I got it at a yard sale today for a couple a dollars.
 Appears to be a rear seated ricshaw or maybe ice cream bike
 anyone have a clue
 no makers mark and handmade


----------



## privvydigger (Jun 19, 2010)

pic


----------



## privvydigger (Jun 19, 2010)

all rubber tires, the axle is broke and something is missing from atop the double wheeled end
 thx for looking


----------



## Wangan (Jun 19, 2010)

That looks like something I saw in a movie once.There was a big box on front.


----------



## privvydigger (Jun 19, 2010)

thats what i thought... turns out there's a tag that says made in the Philippines.


----------



## JOETHECROW (Jun 19, 2010)

Hey,...maybe you could revamp it and sell bottles downtown! [] I'll bet it would take some getting used to to ride it. Cool find.              Joe


----------



## privvydigger (Jun 19, 2010)

this thing is only 24'' long.....
 The peddles work and the chain is in good shape.  I have not found anything on it yet but i'm searching


----------



## TJSJHART (Jun 19, 2010)

it looks a little like a ice cream peddlers bike ..i  tried that as a kid back in the 60's...it was way to hard of work...


----------



## Wangan (Jun 20, 2010)

If its only 24" long then it must be for the Phillipean version of a monkey grinder?[8D]


----------



## surfaceone (Jun 21, 2010)

Hey Mad,

 Very cool acquisition. I love the street scene in the Philippines. The jeepneys, carcars, tuk tuks , everymanner of wheeled vehicle. There's many food vendors that use tricycle frames. Balut anyone?
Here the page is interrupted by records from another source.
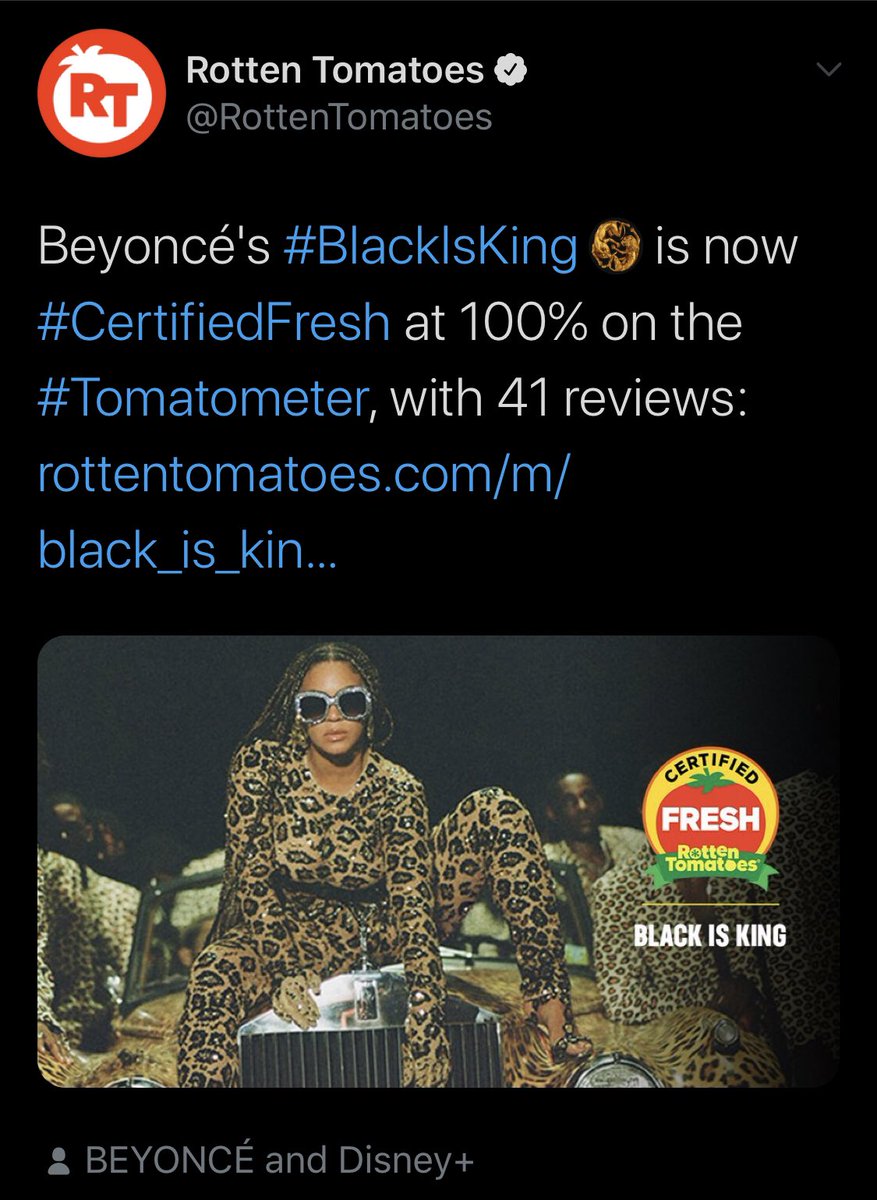 Critical Acclaim -Beyoncé has shown to be able to garner critical acclaim in all facets of her artistry. She has 3 projects with a 90+ rating on metacritic as well as a ‘must see’ tag for her film Black Is King. She also has many projects with a 100% rating on rotten tomatoes.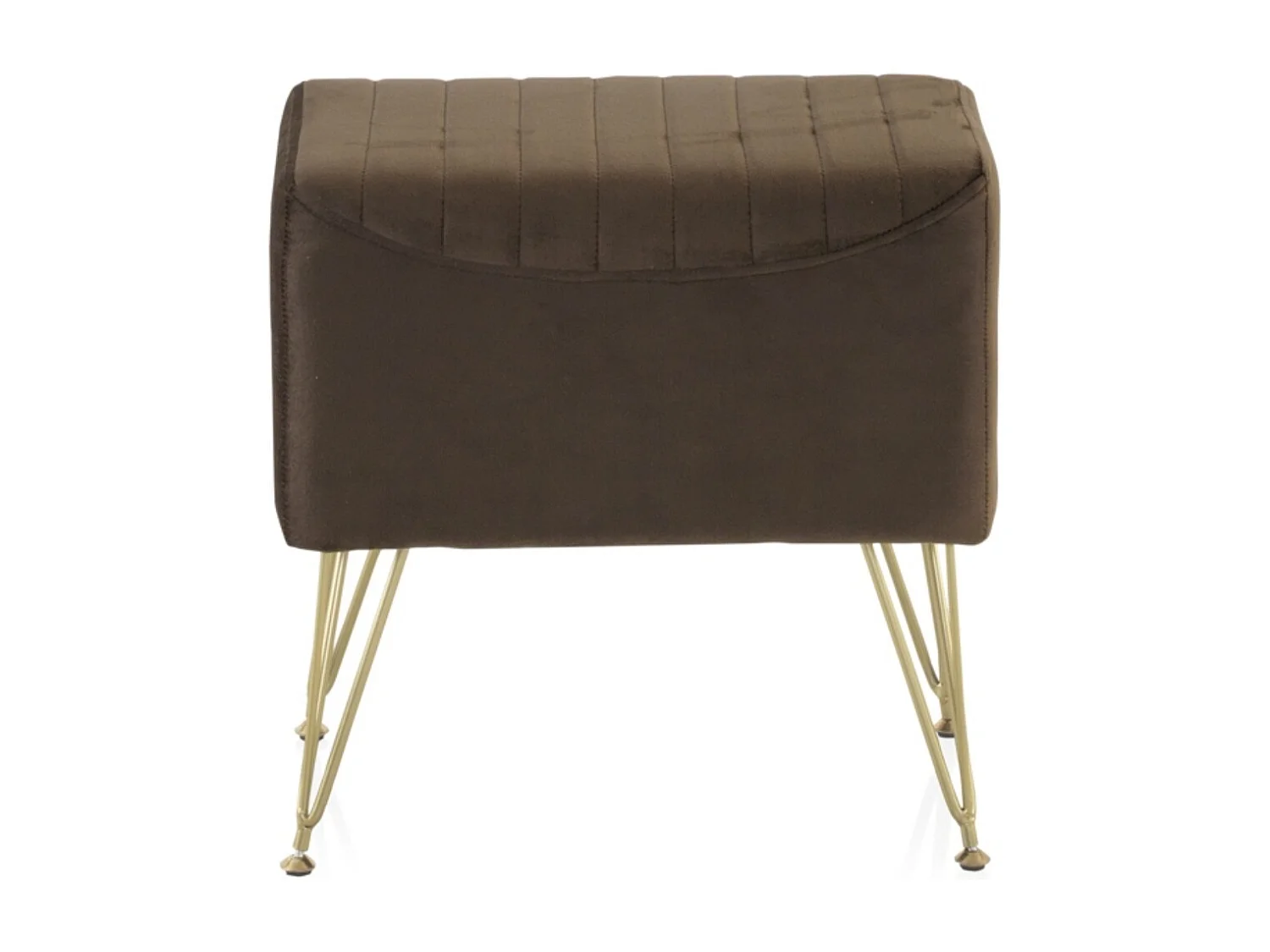 Banquette rembourrée en velours marron avec pieds dorés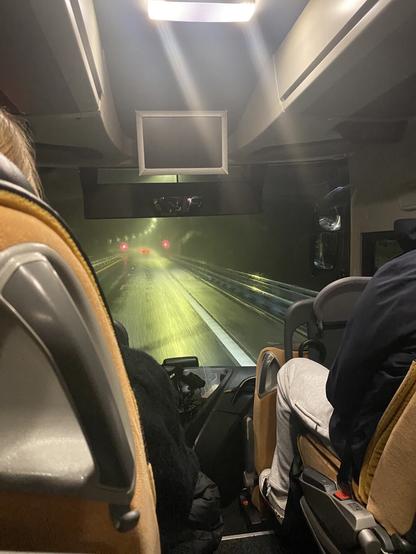 Riding a bus at night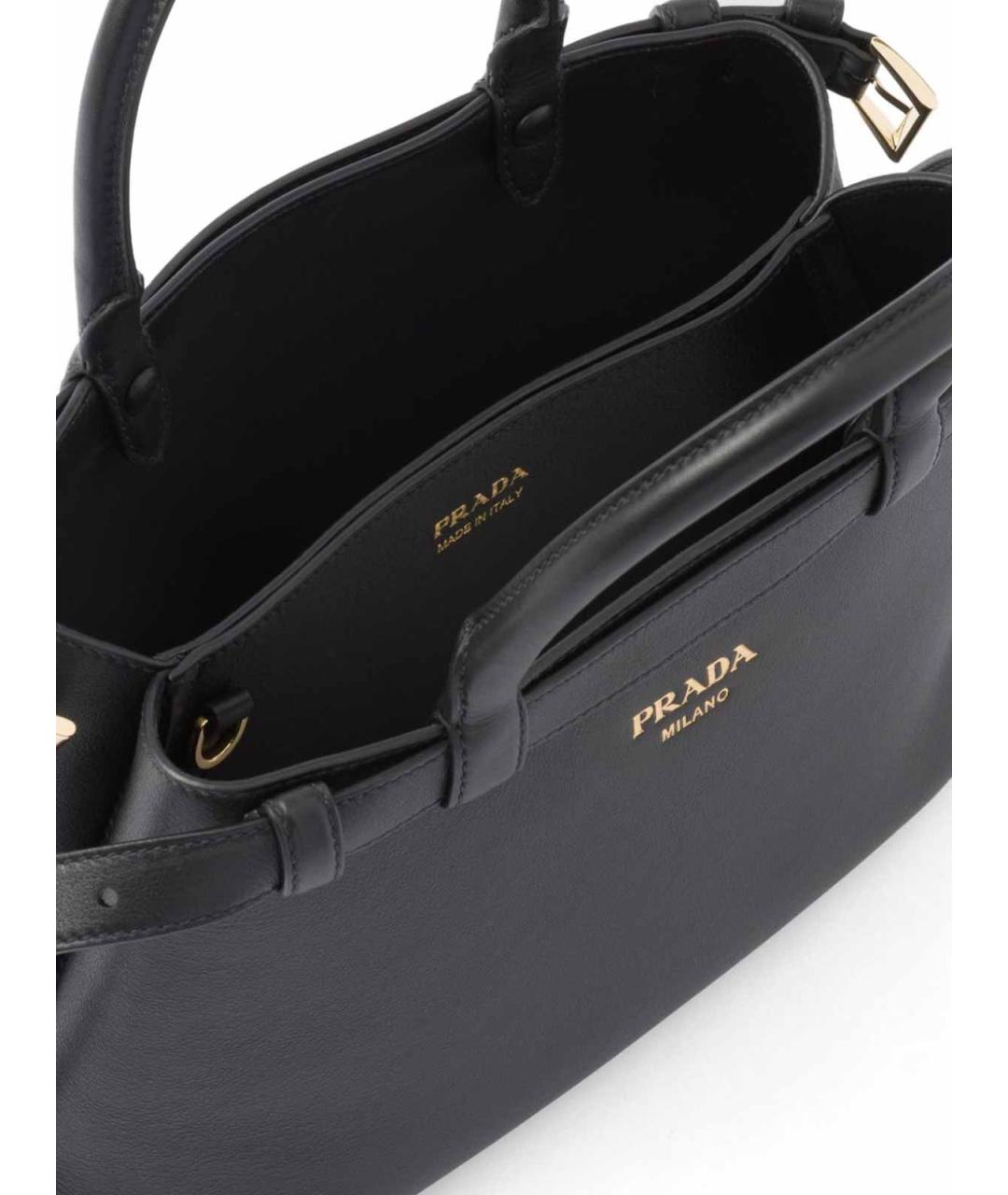 PRADA Черная кожаная сумка тоут, фото 2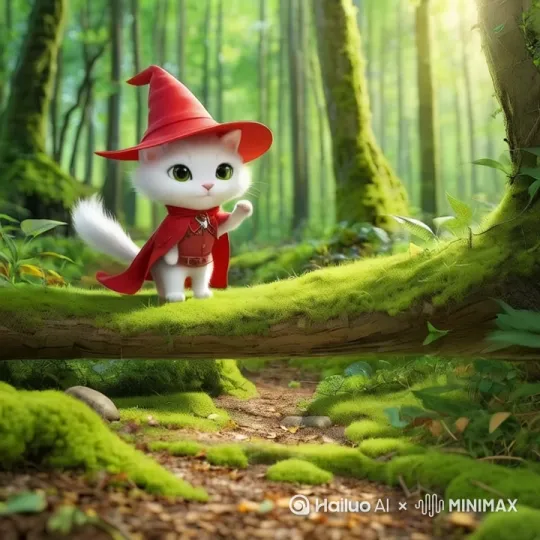 小兔在森林里从上往下跳，再向前走，嘴巴大笑，眼睛晃动，尾巴摇动，帽子尖动 by Hailuo AI Video Generator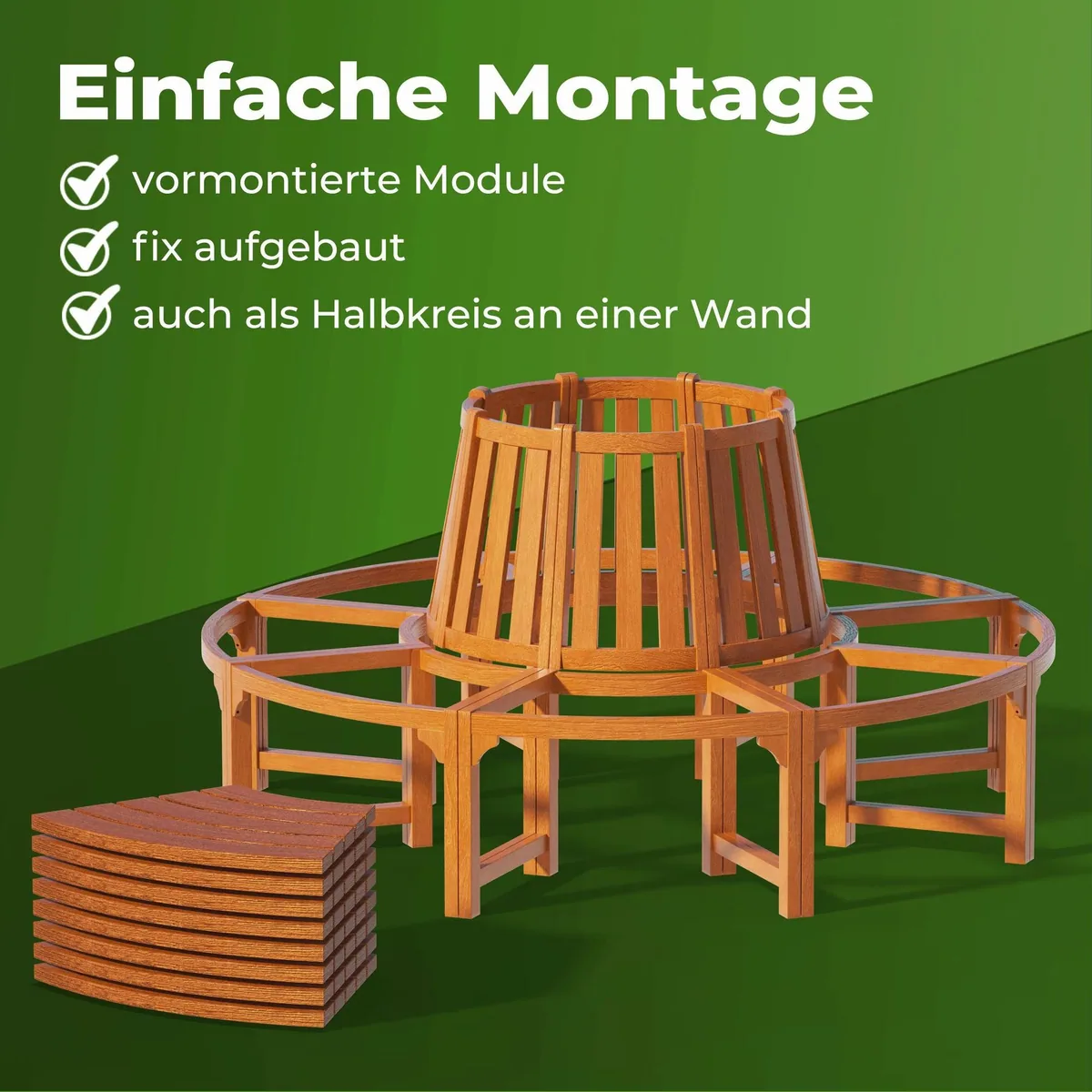 Casaria Baumbank, FSC-zertifiziertes Eukalyptus-Hartholz, wetterfest & langlebig 3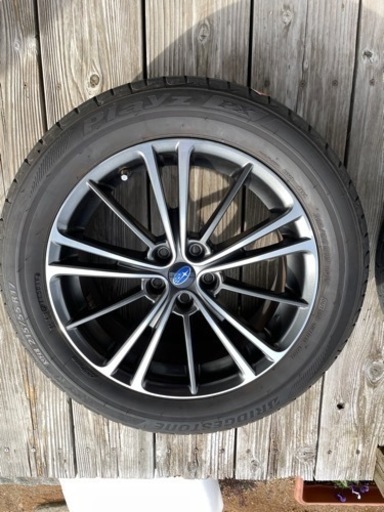 ☆送料無料☆BRZ86純正 17インチ ホイール タイヤ4本セット 7.0J PCD100 レガシィ フォレスターブリヂストンプレイズ215/55/17 バリ溝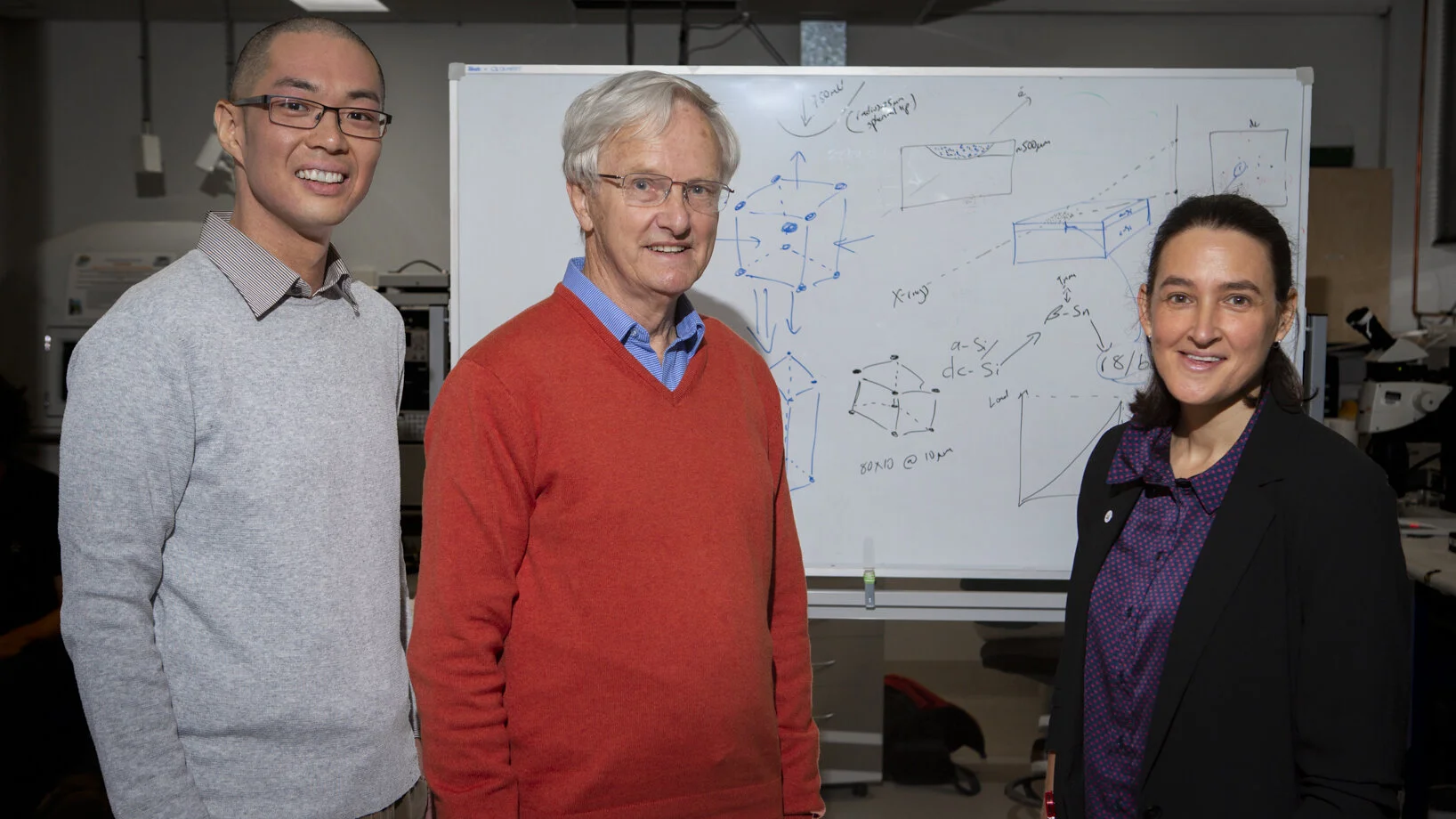 (Left to Right) Dr Sherman Wong, Prof. Jim S. Williams and Prof. Jodie E. Bradby in their lab at the Australia National University
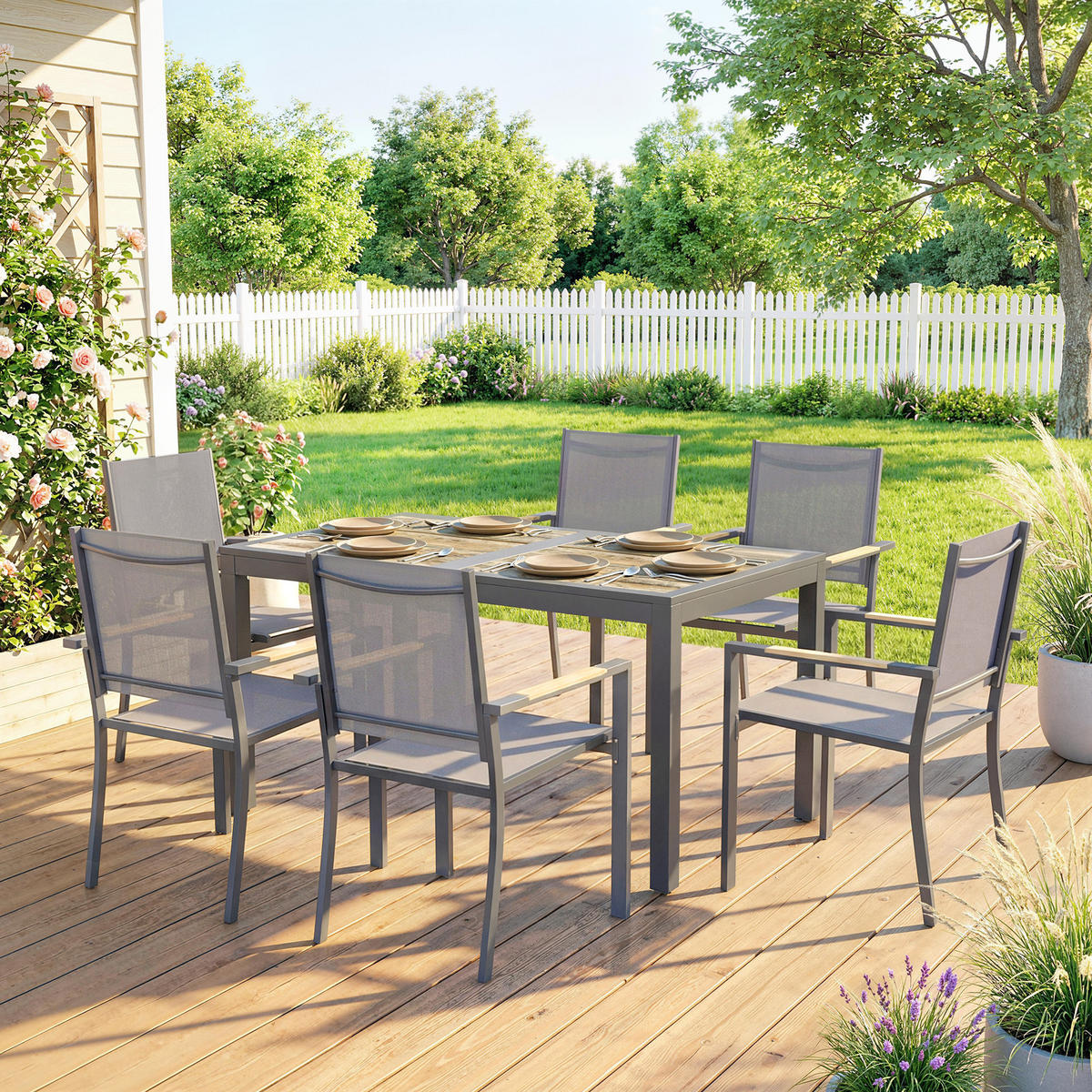 GARTENTISCHGRUPPE DE-18125 140 cm Holzoptik-Tisch, 6 Textilene-Stühle Grau - Dunkelgrau, Metall - ComfortXL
 What'cha gonna do with it. Talk about your possibilities...


----------



## privvydigger (Jun 21, 2010)

i 'm wondering if a real monkey rode this...


----------



## buzzkutt033 (Jun 21, 2010)

pretty neat fella,

 looks like something that guy on the show " Pickers " would like............

 take care and keep on diggin'

 jim


----------



## GuntherHess (Jun 21, 2010)

> Is this kool or what...


 
 what. []


----------



## privvydigger (Jun 21, 2010)

thx for the replies everyone
 still looking for a pic of one and what it may have been...


----------



## GuntherHess (Jun 21, 2010)

Nacho  Libre!!!
 http://www.flashracingonline.com/files/imagecache/thumb_320x240/online-games/1_6.jpg


----------



## privvydigger (Jun 21, 2010)

ouch!


----------



## Road Dog (Jun 22, 2010)

> ORIGINAL:  surfaceone
> 
> Hey Mad,
> 
> ...


 

 My wife ate Balut as a kid to help her put on weight.[:'(]


----------



## surfaceone (Jun 25, 2010)

> My wife ate Balut as a kid to help her put on weight.


 
 Hey Rory,

 What's her thoughts on Balut today? Is there any middle ground, or is it strictly love it or hate it? Way too long since my last visit over there....






 Palawan


----------



## blade (Jun 28, 2010)

[] What !


----------



## Road Dog (Jun 29, 2010)

> ORIGINAL: surfaceone
> 
> 
> 
> ...


 
 She would not eat one now. She said the trick is to let them go down quick. Don't chew. LOL
 Her Mom fixes some Milk Fish now and then and eats the eyes out of it.[:'(]  Her Mom denies doing it though.[]


----------